SUPPLIED INFORMATION Block Start

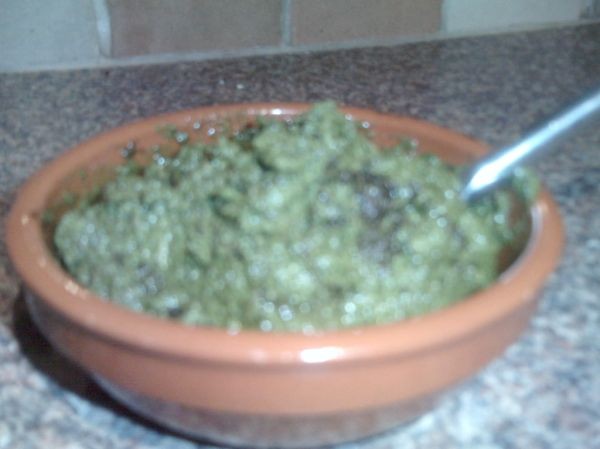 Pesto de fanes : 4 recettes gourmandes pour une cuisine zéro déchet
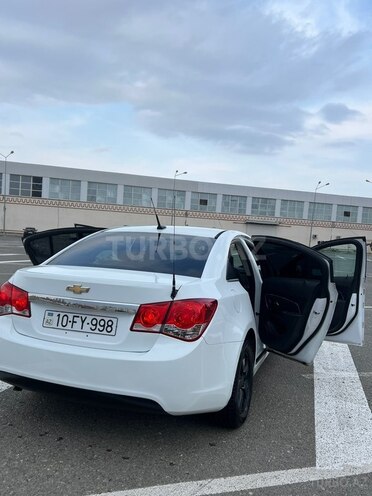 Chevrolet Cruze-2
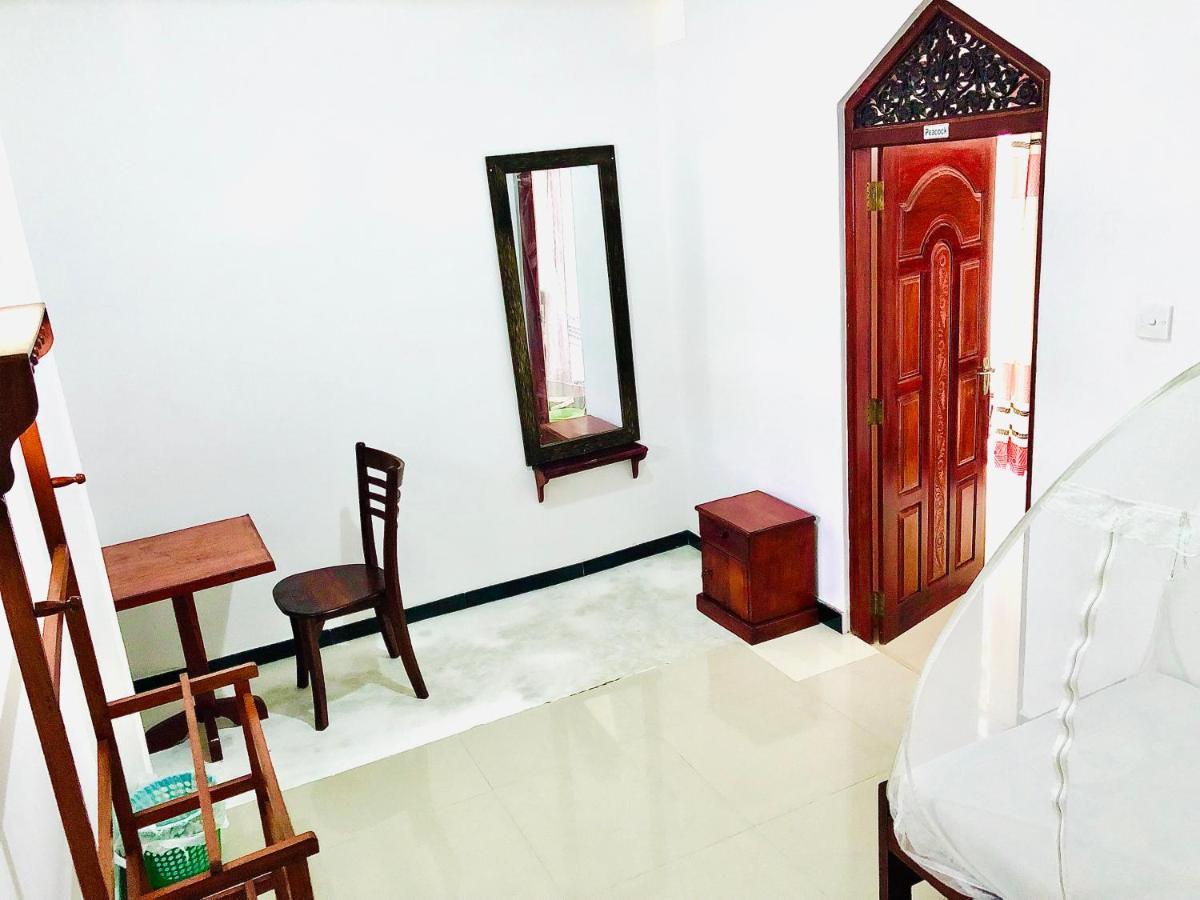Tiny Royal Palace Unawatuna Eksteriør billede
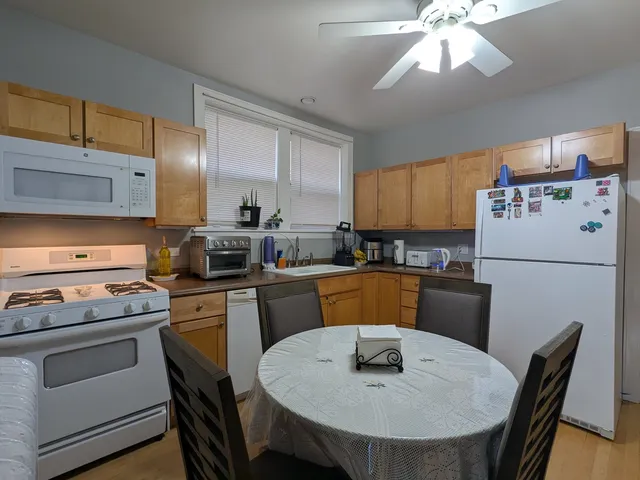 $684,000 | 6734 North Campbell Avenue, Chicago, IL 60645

SUPPLIED INFORMATION Block End

[TASK] The material above must be printed exactly, with its pictures left out.

[OUTPUT OF THE EXERCISE]
 Pesto de fanes : 4 recettes gourmandes pour une cuisine zéro déchet
 Chevrolet Cruze-2
Tiny Royal Palace Unawatuna Eksteriør billede
 $684,000 | 6734 North Campbell Avenue, Chicago, IL 60645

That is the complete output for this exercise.